Amanda MacLean, London Biodiversity Partnership


You’re a borough ecologist, and your dreams have just come true. £100,000 of Section 106 money has landed in your lap, courtesy of a major development. With that much money, you could create dozens of ponds, hectares of meadow, or plant up plenty of new woodland. But how do you decide what to do and where? The London Biodiversity Partnership’s Amanda MacLean may have the answer.

You’re a developer wanting to build a new shopping and housing complex on a piece of wasteland. You need to ensure that your development will result in a net gain for biodiversity. It’s a big development, so there is plenty of room for a wildlife area – but what should go in it?

You’re a council planner producing the spatial plans for your borough’s Local Development Framework. You know that your LDF should identify areas for the restoration or creation of new habitats – but which habitats, and where should they go? In the past, choices like these have largely been made on an ad hoc basis – on what ‘seems right’. Now, a new GiGL product will allow a much more rigorous approach, and will give the ecologist, the developer and the planner confidence that their decisions are based on the best available information. After a two-year incubation period, ‘habitat suitability maps’ are now available to GiGL partners and data users.

The maps show the open spaces in London where habitat creation would be of the greatest benefit to biodiversity – areas where existing habitat could be expanded without a negative impact on other important habitats. There are maps for each of nine of London’s priority habitats – those that are most under threat and in need of conservation effort, as identified in London’s Biodiversity Action Plan. The London Biodiversity Partnership sees the maps as a key tool to identify areas where our partners can focus their work efforts. This will give a head start to our partners in the London boroughs, and the London-wide habitat action plan (HAP) groups, in delivering on London’s targets to increase the extent of priority habitats.

LBP has been working with GiGL on the development of these maps for the last two years. For most of that time, they were called ‘opportunity maps’, so why the new identity? During a recent consultation with partner organisations, it became apparent that the name was causing a lot of confusion. Many of our partners could not see how some of the ’opportunity’ areas on the maps could ever present real opportunities on the ground. A reasonable objection when considering, for instance, how much real-life opportunity there is to turn a working cemetery into a floodplain grazing marsh. In fact, the maps identify areas that are ecologically suitable to support the habitat, no matter what the area’s current use.

Because they do not incorporate land use, it’s important that the maps are always used in conjunction with datasets on land use and other relevant factors, and GiGL will be happy to work on such refinements at the request of its SLA partners.

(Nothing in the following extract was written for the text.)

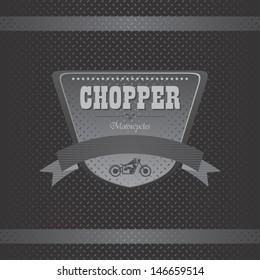 dark metal theme chopper motorcycle old style label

Developing the maps has been a complex process, with several cycles of criteria selection, number-crunching, and ground truthing. The first stage of the process, habitat condition assessment, involved the HAP groups drawing up a suite of indicator species and habitat features that, when considered together, indicate habitat quality. For instance, salad burnet, orchids and kidney vetch are indicators of good quality chalk grassland habitat, and their presence increases the quality score. But, extensive coverage of forbs and sedges, as indicators of poor quality chalk grassland, result in a lower score. GiGL interrogated their extensive database using these criteria and produced draft maps of habitat quality, which the HAP groups checked against reality in a series of field visits.

After these visits, the maps were amended. The resulting maps show the location of poor quality habitat that could be restored, and areas where acceptable or good quality habitat might serve as a ’seed‘ for habitat creation.

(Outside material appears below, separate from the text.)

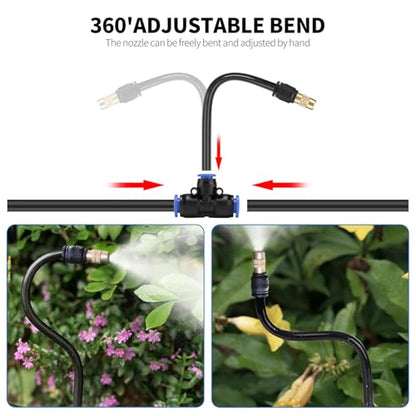 50FT Drip Irrigation System, Complete Garden Watering Kit with Rust-Proof Copper Nozzles - UV Stabilized Flexible Hose for Lawn, Greenhouse, Patio Plants - size: 51FT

Next, the HAP groups drew up a list of criteria to identify which of these locations were also suitable for the creation of new habitat. There had to be room for new habitat, without replacing other important habitats. And there also had to be suitable ecological conditions. Again, chalk grassland provides a straightforward example – it needs an underlying chalk geology, which places strict limitations on suitable locations.

Once the first drafts of the maps were drawn up, they were put out to consultation. First the HAP groups, and then the council officers belonging to the London Boroughs Biodiversity Forum, were asked to comment on how well the information on the maps tallied with their on-the-ground knowledge. There was a tremendous response from the biodiversity forum, with nearly two thirds of the boroughs sending in feedback.

We were delighted with the response for a number of reasons. First of all it was clear that the criteria we had used were broadly successful in identifying suitable areas, and only a few minor changes were needed to produce the final versions. This gives us confidence that the maps reflect conditions on the ground as accurately as they can – taking into account the limitations of the available data – and will be a robust and reliable tool for LBP and its partners. Secondly, the consultation raised some issues with the presentation and interpretation of the maps, which we were then able to improve. And finally, such an enthusiastic response suggests that the maps will be well used now that they are available. In the coming years, London’s biodiversity should be all the better for it.